Question

Use synthetic division to find the value of p and q if x+1 and x-2 are the factors of x3+ px2 + qx + 6

Answer 1

A slightly different method: Using the polynomial remainder theorem, you have


`x^3+px^2+qx+6\bigg|_(x=-1)=-1+p-q+6=0\implies p-q=-5`

`x^3+px^2+qx+6\bigg|_(x=2)=8+4p+2q+6=0\implies 2p+q=-7`

Adding these equations together, you get


`(2p+q)+(p-q)=-12\implies 3p=-12\implies p=-4`

`p-q=-5\implies -4-q=-5\implies q=1`

Answer 2

Set up synth. div. in the usual way. If x-2 is a factor of the given polynomial, use +2 as the divisor in synth. div.:
______________________________
2 / 1 p q 6

_______+2______2p+4____________________
1 p+2 2p+q+4

Finish this. Note that if 2 is a root and x-2 is a factor, the final result MUST equal 0. Thus, we get the equation p-q=5.

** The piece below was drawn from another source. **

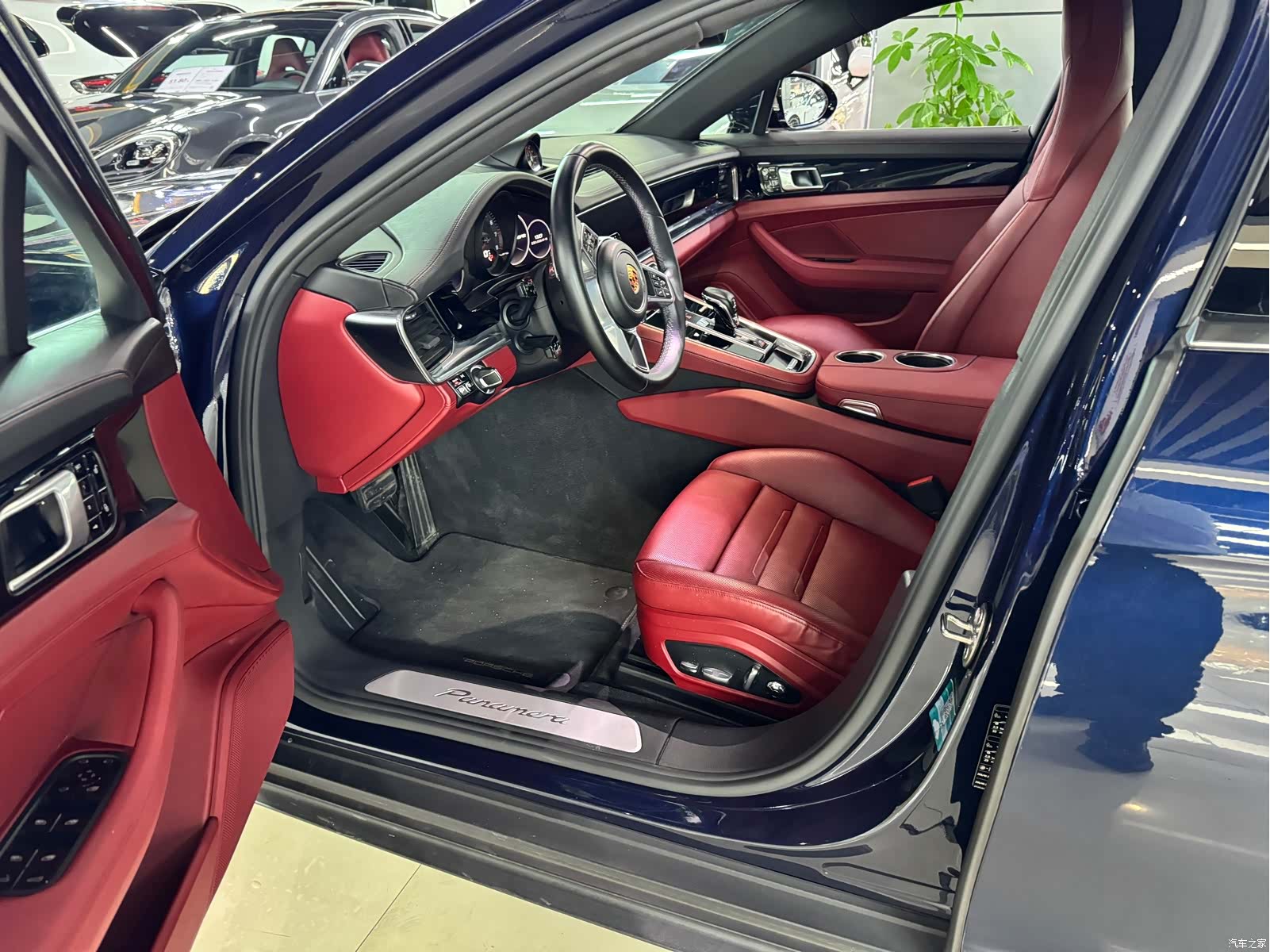 Porsche Panamera, 2018 все фото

Do the same thing for the root -1 (which comes from the factor (x+1).

You'll end up with two linear equations which can be solved for p and q.

Substitute these values of p and q into the given polynomial. p=-4, so that polynomial becomes x^3 - 4x + q + 6.


I did this, and found that -1 and +2 are indeed roots of the resulting polynomial.